Global configuration specifies the configuration of the current PERSIA job. The path to the global configuration file should be parsed as argument --global-config when launching embedding PS or embedding worker.

Here is an example for global_config.yaml.

common_config:
  metrics_config:
    enable_metrics: true
    push_interval_sec: 10
  job_type: Train
  checkpointing_config:
    num_workers: 8
embedding_parameter_server_config:
  capacity: 1000000
  num_hashmap_internal_shards: 1
  enable_incremental_update: false
  incremental_buffer_size: 5000000
  incremental_channel_capacity: 1000
embedding_worker_config:
  forward_buffer_size: 1000

Depending on the scope, global_config was divided into three major sections, namely common_config, embedding_parameter_server_config and embedding_worker_config. common_config configures the job type (job_type) and metrics server. embedding_parameter_server_config configures the embedding parameter server, and embedding_worker_config provides configurations for the embedding worker. The following is a detailed description of each configuration.

common_config

checkpointing_config

  • num_workers(int, default=4): The concurrency of embedding dumping, loading and incremental update.

job_type

The job_type of PresiaML can be either Train or Infer.

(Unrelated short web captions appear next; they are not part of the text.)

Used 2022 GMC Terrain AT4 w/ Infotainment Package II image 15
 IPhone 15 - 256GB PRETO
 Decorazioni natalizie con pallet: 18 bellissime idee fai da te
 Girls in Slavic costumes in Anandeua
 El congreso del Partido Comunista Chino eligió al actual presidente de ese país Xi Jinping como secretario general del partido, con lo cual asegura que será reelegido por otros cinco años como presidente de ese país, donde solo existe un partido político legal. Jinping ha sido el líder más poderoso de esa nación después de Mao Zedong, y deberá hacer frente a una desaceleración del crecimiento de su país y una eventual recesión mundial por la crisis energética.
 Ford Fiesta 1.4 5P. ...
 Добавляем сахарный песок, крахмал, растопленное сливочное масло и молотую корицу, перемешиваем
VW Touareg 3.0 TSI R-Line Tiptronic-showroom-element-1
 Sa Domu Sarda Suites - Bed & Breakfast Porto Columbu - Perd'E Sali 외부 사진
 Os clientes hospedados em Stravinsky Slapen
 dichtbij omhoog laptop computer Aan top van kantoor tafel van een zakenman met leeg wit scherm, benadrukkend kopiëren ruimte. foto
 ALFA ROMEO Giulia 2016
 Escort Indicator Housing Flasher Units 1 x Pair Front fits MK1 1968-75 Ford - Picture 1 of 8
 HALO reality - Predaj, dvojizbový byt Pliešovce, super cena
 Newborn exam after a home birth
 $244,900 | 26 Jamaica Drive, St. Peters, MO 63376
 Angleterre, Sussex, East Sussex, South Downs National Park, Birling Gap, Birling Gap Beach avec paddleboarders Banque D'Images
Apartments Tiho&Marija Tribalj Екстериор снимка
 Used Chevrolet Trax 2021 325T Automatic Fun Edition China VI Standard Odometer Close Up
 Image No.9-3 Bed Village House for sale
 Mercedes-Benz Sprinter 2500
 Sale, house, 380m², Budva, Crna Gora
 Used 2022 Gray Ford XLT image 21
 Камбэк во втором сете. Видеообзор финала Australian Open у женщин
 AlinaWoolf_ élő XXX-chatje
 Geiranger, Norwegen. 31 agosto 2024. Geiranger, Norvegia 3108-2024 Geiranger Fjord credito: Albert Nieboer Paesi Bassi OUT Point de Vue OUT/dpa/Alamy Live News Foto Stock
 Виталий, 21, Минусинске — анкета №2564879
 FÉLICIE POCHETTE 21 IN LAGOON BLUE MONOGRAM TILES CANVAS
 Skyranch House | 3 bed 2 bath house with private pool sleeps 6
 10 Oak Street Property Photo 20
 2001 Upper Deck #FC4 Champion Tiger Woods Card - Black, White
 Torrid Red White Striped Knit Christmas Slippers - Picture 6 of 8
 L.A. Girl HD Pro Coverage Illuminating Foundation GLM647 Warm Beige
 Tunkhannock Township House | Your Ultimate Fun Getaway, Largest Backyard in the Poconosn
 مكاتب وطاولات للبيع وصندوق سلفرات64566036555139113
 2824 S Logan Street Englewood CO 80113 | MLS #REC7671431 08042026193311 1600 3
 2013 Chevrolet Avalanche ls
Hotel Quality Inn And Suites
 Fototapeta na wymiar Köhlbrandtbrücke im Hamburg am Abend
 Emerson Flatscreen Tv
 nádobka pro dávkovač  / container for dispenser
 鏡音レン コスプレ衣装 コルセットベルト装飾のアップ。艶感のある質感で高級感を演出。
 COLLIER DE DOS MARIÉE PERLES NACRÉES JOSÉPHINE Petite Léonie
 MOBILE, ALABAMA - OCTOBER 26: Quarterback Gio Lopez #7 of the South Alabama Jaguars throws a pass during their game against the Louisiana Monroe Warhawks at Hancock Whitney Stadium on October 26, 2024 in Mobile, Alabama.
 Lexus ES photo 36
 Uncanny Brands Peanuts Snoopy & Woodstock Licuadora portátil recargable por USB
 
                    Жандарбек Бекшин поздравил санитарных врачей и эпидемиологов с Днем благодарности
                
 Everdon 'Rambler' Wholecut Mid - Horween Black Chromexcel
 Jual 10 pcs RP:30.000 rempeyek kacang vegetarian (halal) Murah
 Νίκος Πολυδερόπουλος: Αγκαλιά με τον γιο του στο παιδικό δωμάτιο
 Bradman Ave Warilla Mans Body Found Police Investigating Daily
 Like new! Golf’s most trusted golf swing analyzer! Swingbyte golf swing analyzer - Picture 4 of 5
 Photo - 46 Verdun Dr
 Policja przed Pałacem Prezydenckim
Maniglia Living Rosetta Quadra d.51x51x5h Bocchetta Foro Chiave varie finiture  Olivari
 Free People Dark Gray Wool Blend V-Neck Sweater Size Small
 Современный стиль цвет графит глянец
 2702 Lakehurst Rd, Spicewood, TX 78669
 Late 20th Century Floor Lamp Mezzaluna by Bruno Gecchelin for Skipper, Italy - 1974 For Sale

When job_type is Infer, additional configurations including servers and initial_sparse_checkpoint have to be provided. Here is an example:

common_config:
  job_type: Infer
    servers:
      - emb_server_1:8000
      - emb_server_2:8000
    initial_sparse_checkpoint: /your/sparse/model/dir
  • servers(list of str, required): list of embedding servers each in the ip:port format.
  • initial_sparse_checkpoint(str, required): Embedding server will load this ckpt when start.

metrics_config

metrics_config defines a set of configuration options for monitoring. See Monitoring for details.

  • enable_metrics(bool, default=false): Whether to enable metrics.
  • push_interval_sec(int ,default=10): The interval of pushing metrics to the promethus pushgateway server.
  • job_name(str, default=persia_defalut_job_name): A name to distinguish your job from others.

embedding_parameter_server_config

embedding_parameter_server_config specifies the configuration for the embedding parameter server.

  • capacity(int, default=1,000,000,000): The capacity of each embedding server. Once the number of indices of an embedding server exceeds the capacity, it will evict embeddings according to LRU policies.
  • num_hashmap_internal_shards(int, default=100): The number of internal shard of an embedding server. Embeddings are saved in a HashMap which contains multiple shards (sub-hashmaps). Since the CRUD operations need to acquire the lock of a hashmap, acquiring the lock of the sub-hashmap instead of the whole hashmap will be more conducive to concurrency between CRUD operations.
  • full_amount_manager_buffer_size(int, default=1000): The buffer size of full amount manager. In order to achieve better performance, the embedding server does not traverse the hashmap directly during full dump. Instead, Embedding is submitted asynchronously through full amount manager.
  • enable_incremental_update(bool, default=false): Whether to enable incremental update.
  • incremental_buffer_size(int, default=1,000,000): Buffer size for incremental update. Embeddings will be inserted into this buffer after each gradient update, and will only be dumped when the buffer is full. Only valid when enable_incremental_update=true.
  • incremental_dir(str, default=/workspace/incremental_dir/): The directory for incremental update files to be dumped or loaded.

embedding_worker_config

  • forward_buffer_size(int, default=1000): Buffer size for prefoard batch data from data loader.

Embedding Config

In addition to global_config, detailed settings related to sparse feature embeddings are provided in a separate embedding configuration file usually named embedding_config.yaml. The path to the embedding config file should be parsed as argument --embedding-config when running PERSIA servers.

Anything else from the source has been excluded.